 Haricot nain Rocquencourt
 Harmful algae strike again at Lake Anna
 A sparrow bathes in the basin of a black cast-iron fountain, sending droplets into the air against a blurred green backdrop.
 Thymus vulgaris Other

* * *

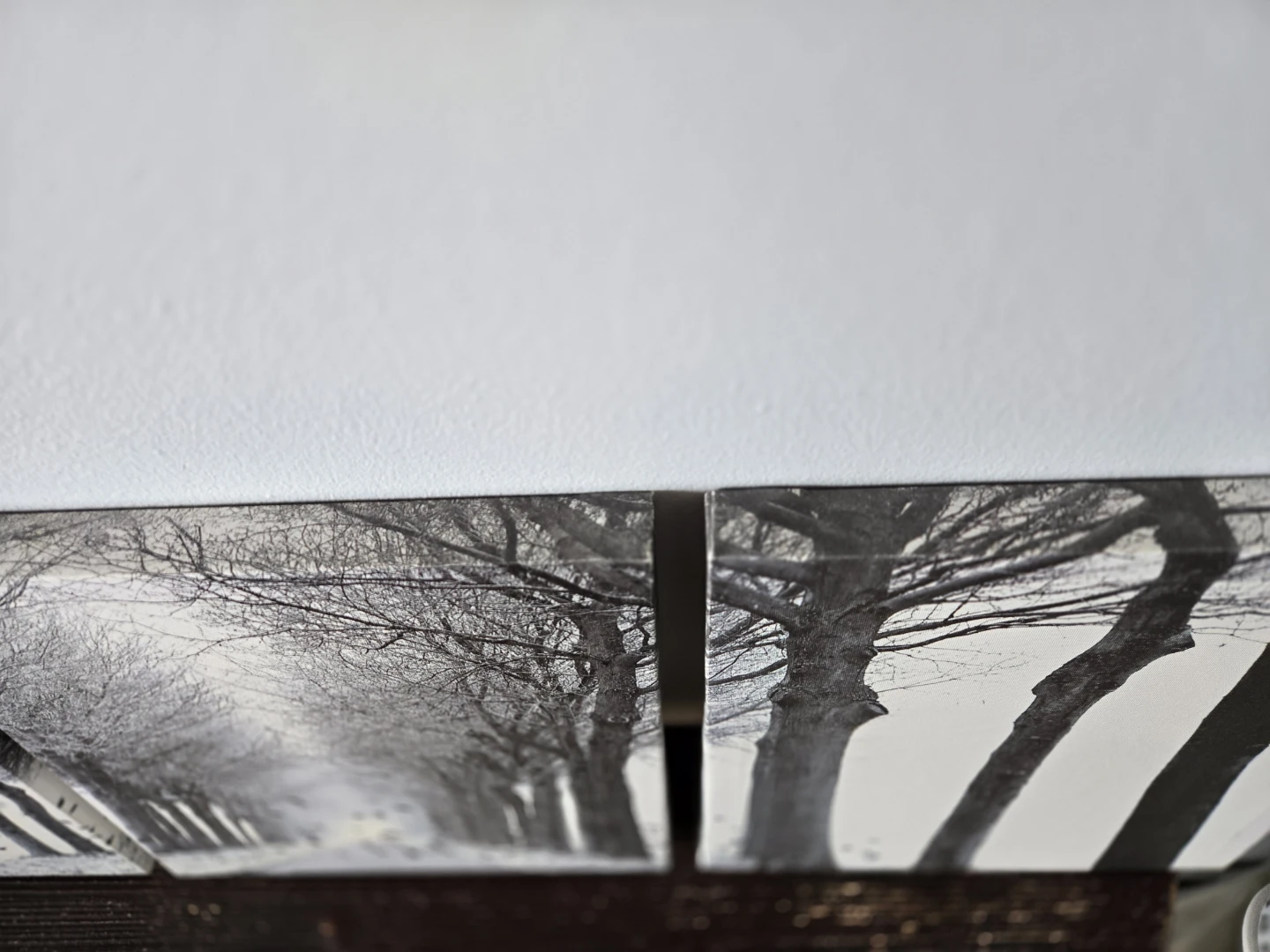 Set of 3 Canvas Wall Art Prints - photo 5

● **Task prompt**: Among the records above, a stretch begins at the line containing "Harmful algae strike again at Lake Anna" and ends at the line containing "Thymus vulgaris Other". Restate that stretch word for word, and nothing else.

● **Expected answer**:
 Harmful algae strike again at Lake Anna
 A sparrow bathes in the basin of a black cast-iron fountain, sending droplets into the air against a blurred green backdrop.
 Thymus vulgaris Other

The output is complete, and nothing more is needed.